Suffolk Building Society enhances mortgage lending criteria

Suffolk Building Society has made three changes to its lending criteria, in a bid to provide greater flexibility when making mortgage lending decisions.

Applications for residential, expat residential, and regulated buy-to-let (BTL) products will now be accepted where the applicant is paid in: Saudi Riyal, Australian Dollar, New Zealand Dollar, Swedish Krona and Danish Krone.

These five new currencies join the Euro, Swiss Franc, Norwegian Krone, US Dollar, Canadian Dollar, Singapore Dollar, Hong Kong Dollar, UAE Dirham, Kuwaiti Dinar and Qatari Riyal, as acceptable in these lending areas.

There are no currency restrictions for buy-to-let or holiday let deals (standard and expat).

The society will also adapt how it views the child maintenance arrangements which parents agree on, outside of the court system.

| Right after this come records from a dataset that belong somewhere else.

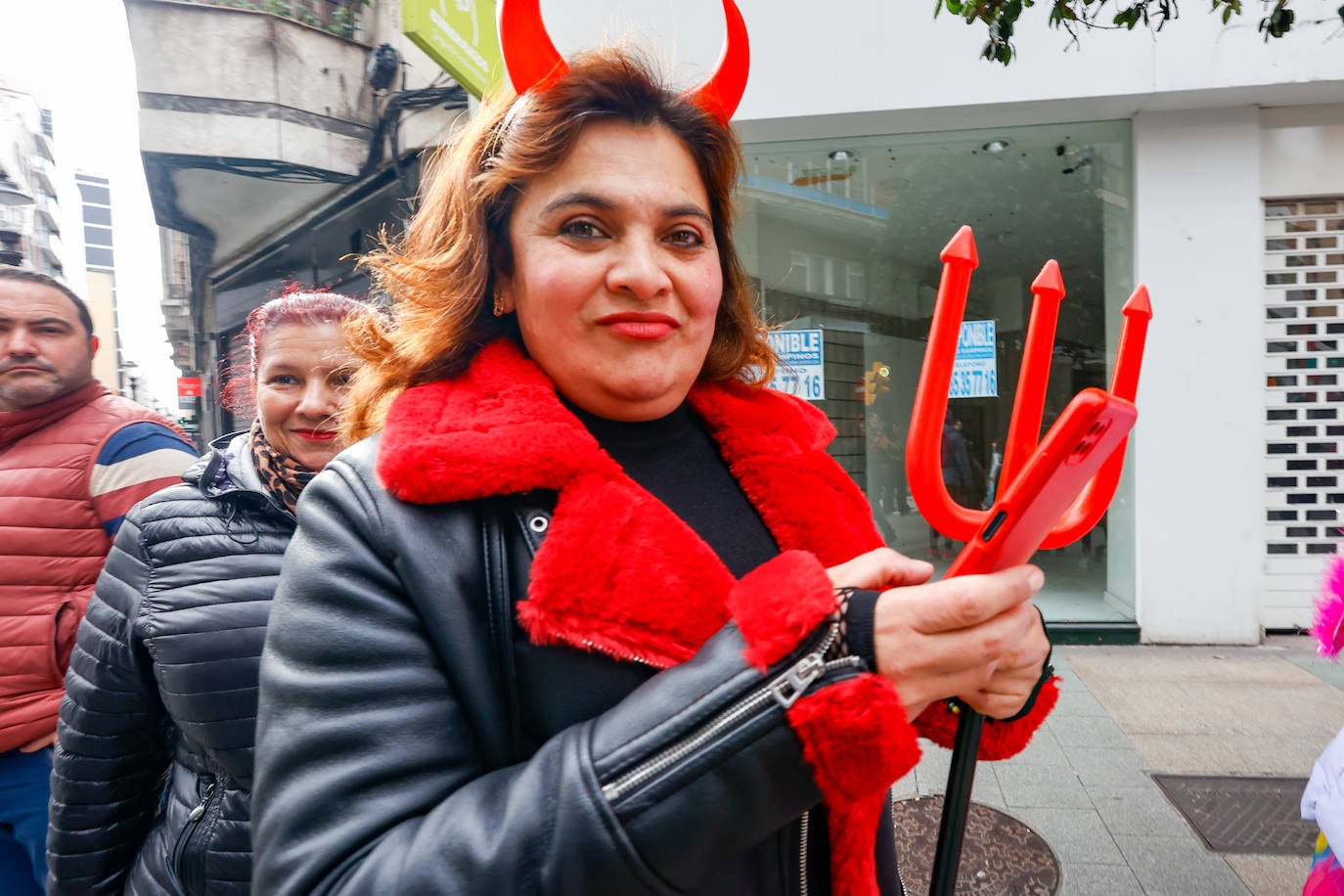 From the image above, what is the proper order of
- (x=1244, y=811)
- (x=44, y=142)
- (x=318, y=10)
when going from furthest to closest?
(x=44, y=142) < (x=318, y=10) < (x=1244, y=811)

Many lenders will only take child maintenance into consideration where a formal agreement is in place, such as a court order or CMS (Child Maintenance Service) arrangement.

Suffolk Building Society will now accept maintenance payments that parents arrange themselves (often called a family-based arrangement or FBA) that can be evidenced via 12 months of bank statements.

In addition, the society will permit lending on blocks with a maximum height of seven storeys, where it was previously five.

Charlotte Grimshaw, head of mortgages at Suffolk Building Society, said: “These criteria enhancements come off the back of a whole raft of new products we’ve already introduced this year.

“It’s terrific to be able to listen to our brokers and respond where we can, to make lending available to a wider range of clients. 

“Adding these currencies, and in particular the Saudi Riyal and Australian Dollar, strengthens our expat proposition even further.”